Remember that the IRS will always evaluate whether a 501(c)(3) engaged in political campaign activity based on “all of the facts of circumstances.”  Messaging that might otherwise be considered permissible for a 501(c)(3) could still constitute campaign intervention if there is other evidence available to the IRS (such as a planning memo) indicating that it was motivated by a desire to influence the election.  Also, public communications that invite a comparison of an organization’s position on a nominee with the position of Trump, Biden or another candidate are more likely to cross the line than communications made privately to senators or Senate staff.
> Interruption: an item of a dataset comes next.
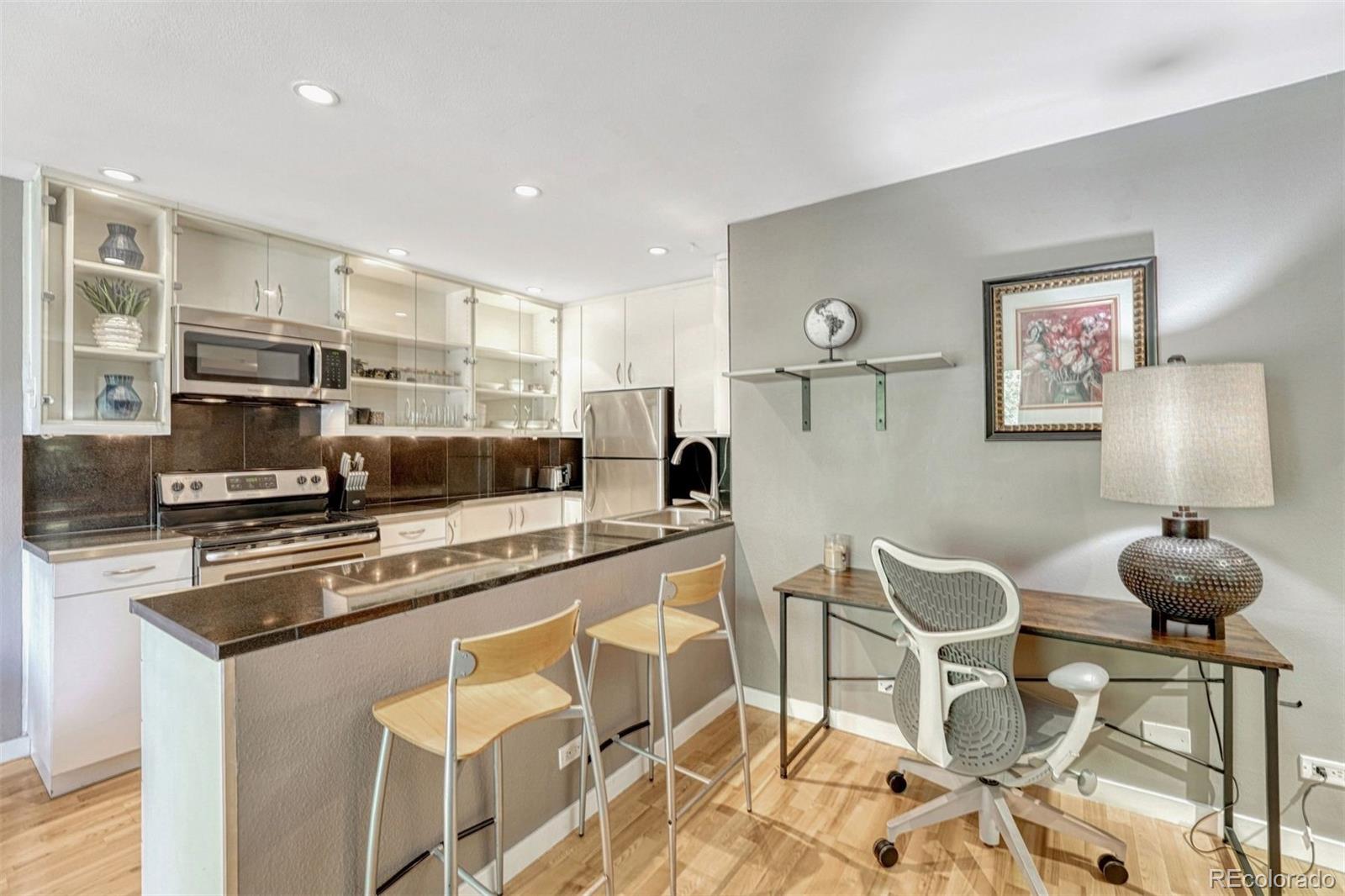 MLS Image #10 for 480 s marion parkway 305,denver, Colorado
Of course, the types of advocacy that are permissible for a 501(c)(3) can be conducted as part of a 501(c)(4)’s social welfare “primary purpose” activity, and a 501(c)(4) is free to go further and engage in advocacy that would be 501(c)(3)-prohibited political activity so long as the 501(c)(4) is operated primarily to further its social welfare purposes.

Campaign Finance Implications for TV and Radio Advertisements

Organizations considering running television and/or radio advertisements advocating around the Supreme Court vacancy should also be aware of the Federal Election Communication (FEC) rules regarding “electioneering communications.”

An electioneering communication is a paid television or radio advertisement that that refers to a clearly identified federal candidate and is targeted to the relevant electorate within 60 days before a general election or 30 days before a primary election in which that candidate appears on the ballot.  Since we are within that 60-day window now, a television or radio advertisement that refers to a particular senator who is up for re-election and that runs in that senator’s state between now and Election Day would be an electioneering communication, as would a television or radio advertisement that refers to President Trump and runs anywhere in the United States between now and Election Day.

Organizations making electioneering communications must include a special disclaimer notice on those communications and will be required to file time-sensitive reports with the FEC each time their spending on such communications totals more than $10,000. It is also important that for organizations not to coordinate their electioneering communications or any other public communications with any federal candidates or political party.

Note: The fact that a particular advertisement is an “electioneering communication” for FEC purposes does not necessarily mean it is a 501(c)(3)-prohibited political message, nor one that a 501(c)(4) must treat as non-“primary purpose.”

This publication is designed to provide accurate and authoritative information about the subject matter covered. It is not distributed with the intent to render legal, accounting, or other professional advice. The services of a competent professional should be sought if legal advice or other expert assistance is required.